◆ **Try it**
Could you output exactly the lines from the one containing "18K Rose Gold" through the end of the records below, and nothing more?

◆ **Data to examine**
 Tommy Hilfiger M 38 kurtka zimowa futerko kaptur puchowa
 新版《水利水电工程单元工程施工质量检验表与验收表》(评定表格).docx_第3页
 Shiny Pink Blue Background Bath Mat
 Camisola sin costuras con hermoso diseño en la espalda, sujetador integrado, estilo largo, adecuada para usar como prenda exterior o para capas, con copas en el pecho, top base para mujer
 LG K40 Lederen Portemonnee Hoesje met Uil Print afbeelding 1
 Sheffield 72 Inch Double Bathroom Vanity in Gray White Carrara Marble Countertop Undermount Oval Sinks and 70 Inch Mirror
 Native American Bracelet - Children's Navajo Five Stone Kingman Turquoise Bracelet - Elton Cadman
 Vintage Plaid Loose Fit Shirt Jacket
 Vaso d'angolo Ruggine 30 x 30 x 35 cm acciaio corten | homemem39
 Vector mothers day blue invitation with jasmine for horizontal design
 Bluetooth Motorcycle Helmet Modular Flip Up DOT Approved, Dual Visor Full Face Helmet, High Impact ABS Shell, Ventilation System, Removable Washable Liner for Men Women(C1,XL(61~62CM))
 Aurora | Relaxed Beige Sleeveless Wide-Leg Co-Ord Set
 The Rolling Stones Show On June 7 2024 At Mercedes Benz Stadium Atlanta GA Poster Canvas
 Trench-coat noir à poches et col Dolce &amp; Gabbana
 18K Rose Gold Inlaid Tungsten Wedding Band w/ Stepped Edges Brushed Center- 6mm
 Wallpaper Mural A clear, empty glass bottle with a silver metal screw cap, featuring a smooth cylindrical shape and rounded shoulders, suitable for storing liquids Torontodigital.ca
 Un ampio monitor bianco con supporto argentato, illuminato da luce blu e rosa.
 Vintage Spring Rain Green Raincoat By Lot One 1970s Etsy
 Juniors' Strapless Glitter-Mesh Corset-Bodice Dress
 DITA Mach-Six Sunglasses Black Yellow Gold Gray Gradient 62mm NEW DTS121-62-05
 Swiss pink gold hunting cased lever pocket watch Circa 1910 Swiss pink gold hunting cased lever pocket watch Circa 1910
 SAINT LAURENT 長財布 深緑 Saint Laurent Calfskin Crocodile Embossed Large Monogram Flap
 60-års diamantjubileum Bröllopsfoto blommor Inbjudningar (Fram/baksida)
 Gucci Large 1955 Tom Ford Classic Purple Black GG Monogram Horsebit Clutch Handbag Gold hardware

◆ **Output**
 18K Rose Gold Inlaid Tungsten Wedding Band w/ Stepped Edges Brushed Center- 6mm
 Wallpaper Mural A clear, empty glass bottle with a silver metal screw cap, featuring a smooth cylindrical shape and rounded shoulders, suitable for storing liquids Torontodigital.ca
 Un ampio monitor bianco con supporto argentato, illuminato da luce blu e rosa.
 Vintage Spring Rain Green Raincoat By Lot One 1970s Etsy
 Juniors' Strapless Glitter-Mesh Corset-Bodice Dress
 DITA Mach-Six Sunglasses Black Yellow Gold Gray Gradient 62mm NEW DTS121-62-05
 Swiss pink gold hunting cased lever pocket watch Circa 1910 Swiss pink gold hunting cased lever pocket watch Circa 1910
 SAINT LAURENT 長財布 深緑 Saint Laurent Calfskin Crocodile Embossed Large Monogram Flap
 60-års diamantjubileum Bröllopsfoto blommor Inbjudningar (Fram/baksida)
 Gucci Large 1955 Tom Ford Classic Purple Black GG Monogram Horsebit Clutch Handbag Gold hardware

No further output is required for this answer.